Dicho lo cual, siguió una paternal lección sobre las ventajas de la puntualidad.
No pudimos más que admitir el “touche” que nos había infligido. Pero como todo un caballero, no volvió a arremeter con aquella arma tan letal, y el reportaje terminó siendo una valiosa pieza para conocer todos los razonamientos que lo habían guiado en aquella dirección.
Confieso que no me convenció. Sus argumentos no me resultaron suficientes. Creí en cambio en su convencimiento de lo que afirmaba. También pensé, como me sucedería otras veces en el futuro: en el fondo, primero es un milico-profesión desprestigiada por aquel entonces, si las había, merced a los servicios de muchos de sus antiguos camaradas.

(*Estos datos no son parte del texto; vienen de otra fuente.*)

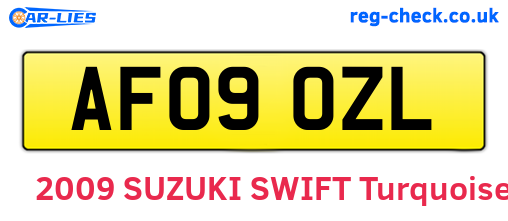 AF09OZL are the vehicle registration plates.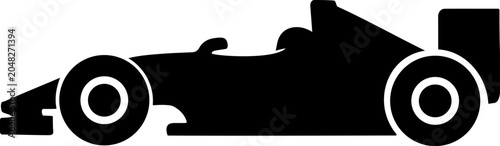 Race car silhouette icon for formula motorsport championship and fast speed driving design elements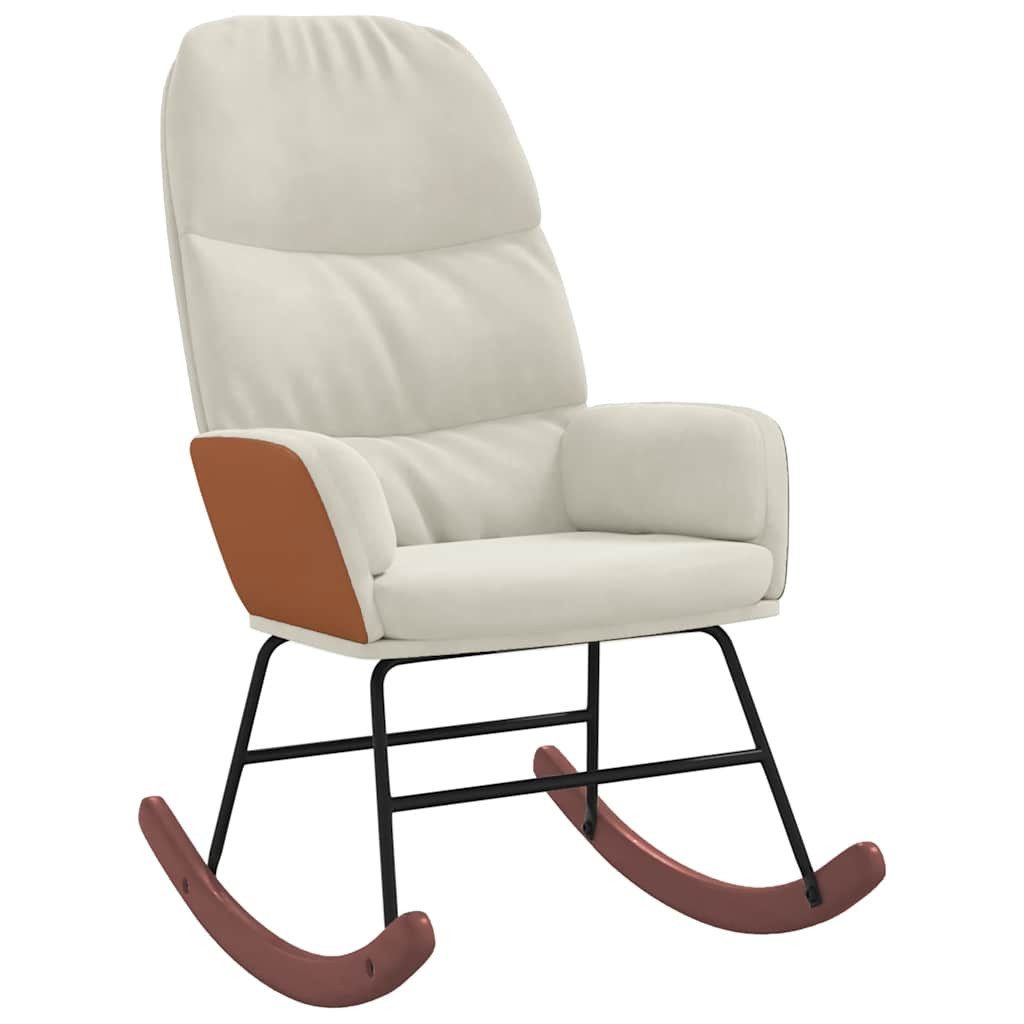 vidaXL Schaukelstuhl Schaukelstuhl Samt Creme (1 St)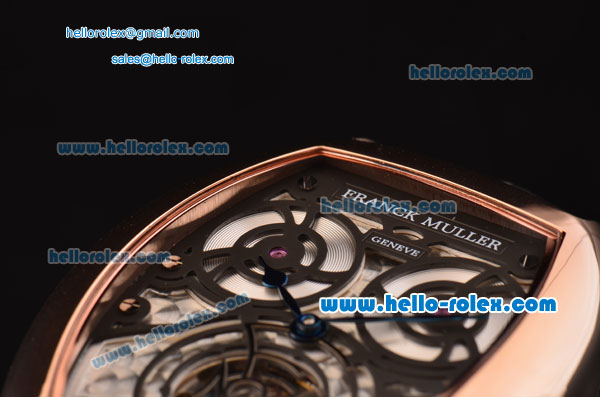 Franck Muller Giga Tourbillon ST22 Automatic Rose Gold Case with Black Leather Strap and White Dial -Blue Hands - Click Image to Close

Creo, aunque esto sea muy subjetivo, que estuvo sobrevolando o subyacente -parafraseándole- de nuestra parte en aquella charla, aquel sentimiento antimilitarista.
Recibí allí, quizás no la primera, pero sí una de las más profundas lecciones de mi vida sobre el significado de la tolerancia. Un uppercut sin estridencias a los prejuicios. El General, pausada y consecuentemente, fiel a su estilo, se encargó de demostrar que detrás de un uniforme también pueden albergarse los más nobles sentimientos.
Me llevó años descubrir que más allá de las discrepancias ocasionales de los puntos de vista encontrados, compartíamos un horizonte, Él en su grandeza, y yo, como el perro cimarrón que había ocupado aquel espacio, ante la obligada ausencia de muchos de los mejores.
Y sé hoy, que el valor agregado que hacía tan especial al General, su piedra filosofal, su perenne legado, era su inmensa honestidad intelectual.